New York court case could signal hope for faith based adoption agencies

Washington, D.C. Newsroom, Jul 23, 2020 / 08:30 am (CNA).- A federal court ruling in New York this week could point to eventual victory at the Supreme Court for Catholic foster care placement in Philadelphia.

On Tuesday, the Second Circuit federal appeals court granted New Hope Family Services, a Christian adoption provider in Syracuse, New York, protection from a state order that threatened it with closure.

New Hope had a faith-based “recusal-and-referral” policy of declining to recommend children for unmarried or same-sex couples, while referring such cases to other agencies. The state’s Office of Children and Family Services required New Hope to not decline such cases. New Hope has served 1,000 children over a span of 50 years in its adoption services.

The adoption provider lost its case before a district court, which ruled that it failed to make a case that its First Amendment rights were violated by the state order.

However, a three-judge panel for the Second Circuit on Tuesday put a temporary stay on the state’s order.

While the court did not yet decide the “ultimate question” in the case, it acknowledged that New Hope made a “plausible claim” that its First Amendment religious and free speech rights were violated. The panel of judges also said that the state’s action may have been “informed by hostility toward certain religious beliefs.”

Both Becket and Alliance Defending Freedom, legal groups that defend religious freedom, said the decision bodes well for another case currently before the U.S. Supreme Court—that of the adoption placement services of Catholic Charities of the Archdiocese of Philadelphia.

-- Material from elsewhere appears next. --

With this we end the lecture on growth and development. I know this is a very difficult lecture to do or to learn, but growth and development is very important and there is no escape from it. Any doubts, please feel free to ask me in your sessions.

In Fulton v. Philadelphia, Catholic Social Services of the Archdiocese of Philadelphia (CSS) was told in 2018 that the city of Philadelphia would no longer be referring foster children through the agency.

The decision was due to the faith-based stance of CSS on marriage, even though there had been no claims of discrimination of same-sex couples that were brought against the agency. The city required CSS to agree to match children with same-sex couples.

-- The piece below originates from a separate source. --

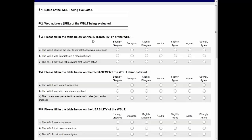For example, I'm looking at this scale and it's talking about interactivity. There are three items: 'This web-based learning tool allowed the user to control the learning experience,' 'The web-based learning tool was interactive in a meaningful way,' and 'The web-based learning tool provided rich activities that require action.'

As the city has a monopoly on the area foster care system, CSS has no new foster care contracts and has already begun laying off employees.

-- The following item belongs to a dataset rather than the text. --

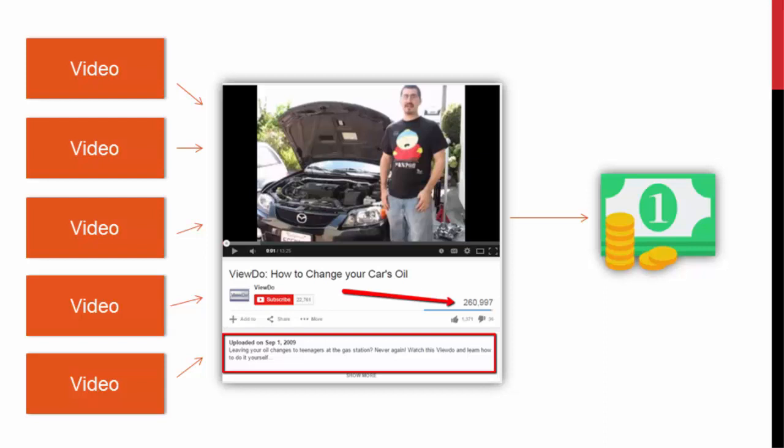So when we come to them and offer them some money to put a link in their description, it's usually a no-brainer for them. They say, 'Hey, awesome, yes — I will accept your money just to put a link in my description. Absolutely no problem.' So they're going to put a link in the description and it's a win-win situation.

Two foster mothers who worked with CSS sued the city, and are represented by Becket. The case is scheduled to be heard by the Supreme Court in the fall 2020 term.

The court’s decision on Tuesday gives credence to the policies of religious adoption and foster care placement agencies, Becket and ADF argued.

“Courts can see that these religious adoption and foster agencies are doing outstanding work to serve the neediest kids, and have been doing it for a very long time, and that there’s absolutely no need for the government to go after them just because of their religious beliefs about marriage,” Luke Goodrich, vice president and senior counsel at Becket, told CNA.

“When the government singles out religious groups, just because of their religious beliefs about marriage, that’s unconstitutional and it’s actually deeply harmful to children,” Goodrich said.

 

ADF’s vice president of appellate advocacy John Bursch said in a public statement that “government officials are not being neutral when they single out religious organizations for hostile treatment based on their beliefs about marriage. That’s a flagrant violation of the U.S. Constitution.”

New Hope’s case dates back to a 2013 state regulation that barred discrimination on the basis of sexual orientation or gender identity against applicants for adoption services.

For five years after the regulation, New Hope practiced its “recusal-and-referral” policy of declining to match children with unmarried and same-sex couples while referring them to other agencies.

During this time, the state’s family services office “voiced no objection,” the court said, until in 2018 it ordered New Hope to match children with unmarried and same-sex couples or be forced to close. This was an “abrupt” and “as yet unexplained” act by the state, the court ruled on Tuesday, and combined with the order was enough to “raise a sufficient suspicion of hostility toward New Hope’s particular religious beliefs to warrant further inquiry.”